The Industrial Workers of the World supposedly got their nickname, ‘the Wobblies’, from a mispronunciation of their name by a migrant worker who said something like ‘I wobble-you wobble-you’. Unlike the business-friendly craft unions affiliated to the American Federation of Labor, which often segregated African-American workers and campaigned against Asian immigration, the IWW provided a welcoming home for people of all sorts of national origins. It practiced (or, rather, practices – it still exists) industrial unionism, that is, the organisation of all workers in a workplace into a single union local, as opposed to craft unionism, which divided them by skill and occupation. Its ideology was a form of syndicalism, which entailed management of the economy by the workers themselves through their unions, and because of this, Wobblies took steps to prepare for that eventuality. Their union halls typically contained books which provided the technical knowledge needed to run factories, in addition to literature on non-work related topics. Observers noted that IWW halls were full of discussion of culture and ideas, and new members were invited to chair meetings – something which was aimed at developing leadership and confidence.

As with the CNT, the elites used the state as a means of suppressing Wobbly activity, and were cheered on by the American Federation of Labor. The IWW’s opposition to the First World War gave the elites the ammunition they needed, and no tactic seemed to be considered out of bounds. IWW leaders were imprisoned on trumped-up charges, and members were massacred and lynched. The post-war Red Scare led to another wave of repression, and the IWW entered the 1920s as a shadow of its former self. Once again, an independent working class organisation was destroyed by the state.

At the same time that the IWW was leading strikes and opposing the war, Americans were developing a new national passion: film. The development of cinemas in the early twentieth century gave people a new way to spend their money and leisure time, and the patronage of many cinemas had a decidedly working class bent. In Working-Class Hollywood: Silent Film and the Shaping of Class in America, Steven Ross points out that the majority of pre-First World War movie-goers were workers. A substantial proportion were also women, children, and migrants, and the rise of cinema culture made it possible for those groups to mould public space in America’s cities to better suit their interests.

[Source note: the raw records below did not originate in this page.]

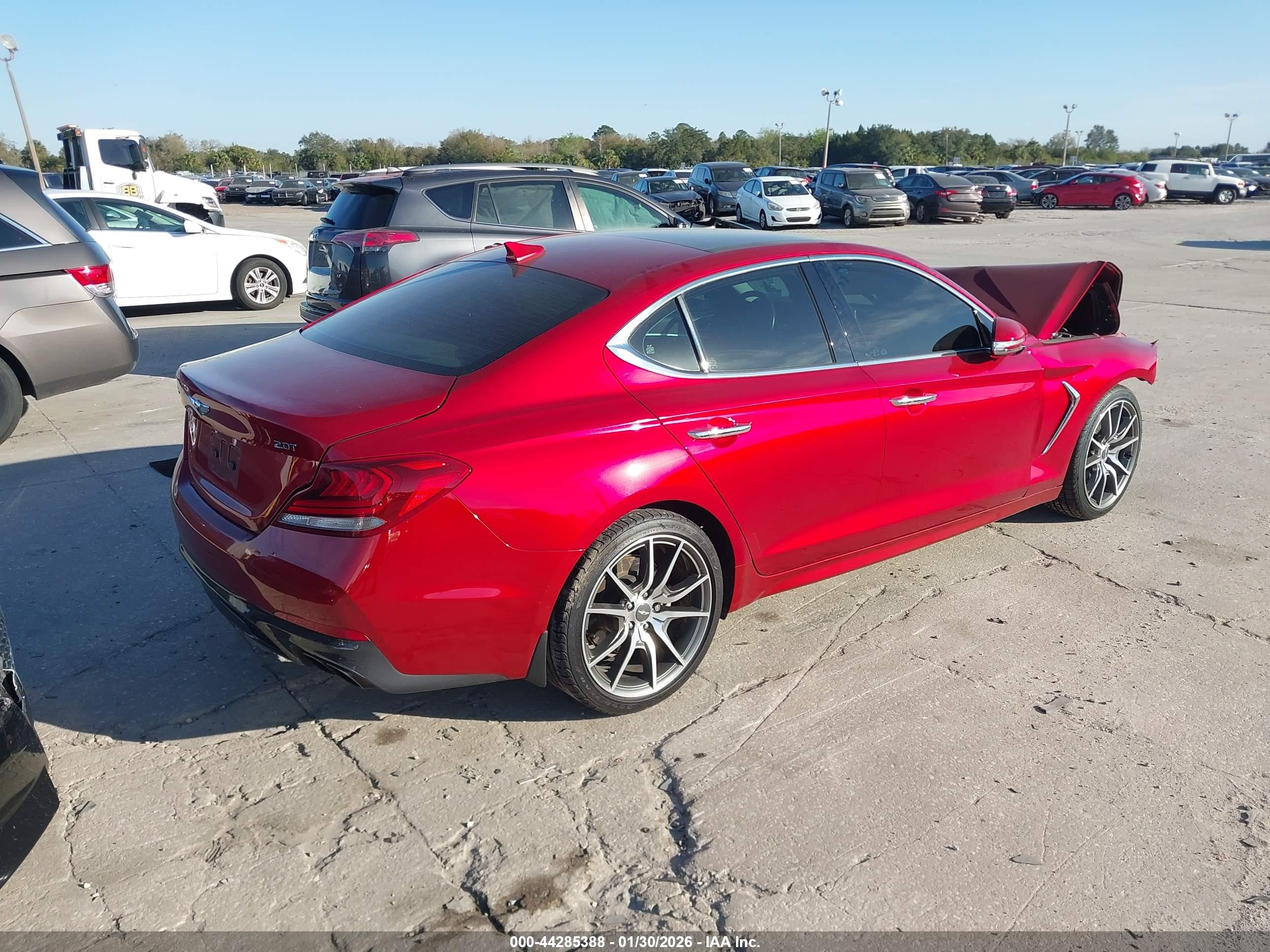 GENESIS G70 image 4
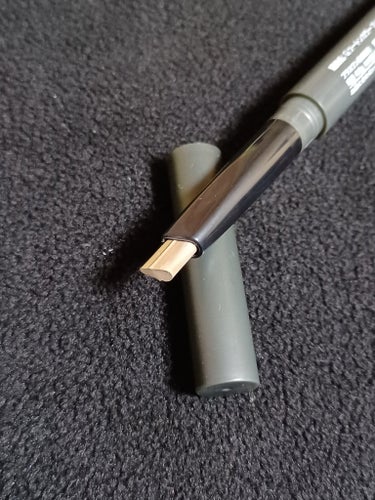 GENE TOKYO ツートンカラーアイブロウペンシル/DAISO/アイブロウペンシルを使ったクチコミ（3枚目）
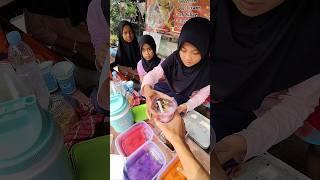 Indonesian Young Girl Selling Jelly Dessert - Street Food #shorts #viral #trending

The movie-going culture quickly found itself under attack from the self-proclaimed guardians of public morality. Their target was sometimes the sexual content of films, but more often they were disturbed by the political atmosphere of the cinema – films often challenged traditional authority, and cinemas were used by various progressive political groups to spread their message. Ross produces a telling quote from a group of civic leaders in Cincinnati calling themselves the ‘Juvenile Protection Association’: “healthy recreation in individual and community life”, they pontificated, meant that the film industry “must submit to social control.” The result of the attacks on the industry was that cinemas began to be built in ‘better’ neighbourhoods and aimed at a more middle-class audience; the increasing cost of admission that needed to be charged to pay for all the new amenities in cinemas also made it more difficult for working class people to go to the movies regularly. In the name of public order and traditional morals, another venue of working class self-governance was turned into a depoliticised, consumerist form of mass entertainment.

I will conclude this part with an observation: although the middle of the twentieth century saw social democratic parties come to power, who built welfare states and made working class people more materially better off than at any point in history, I can’t shake this feeling that the working class had more power to control its own destiny and to manage its own institutions beforehand.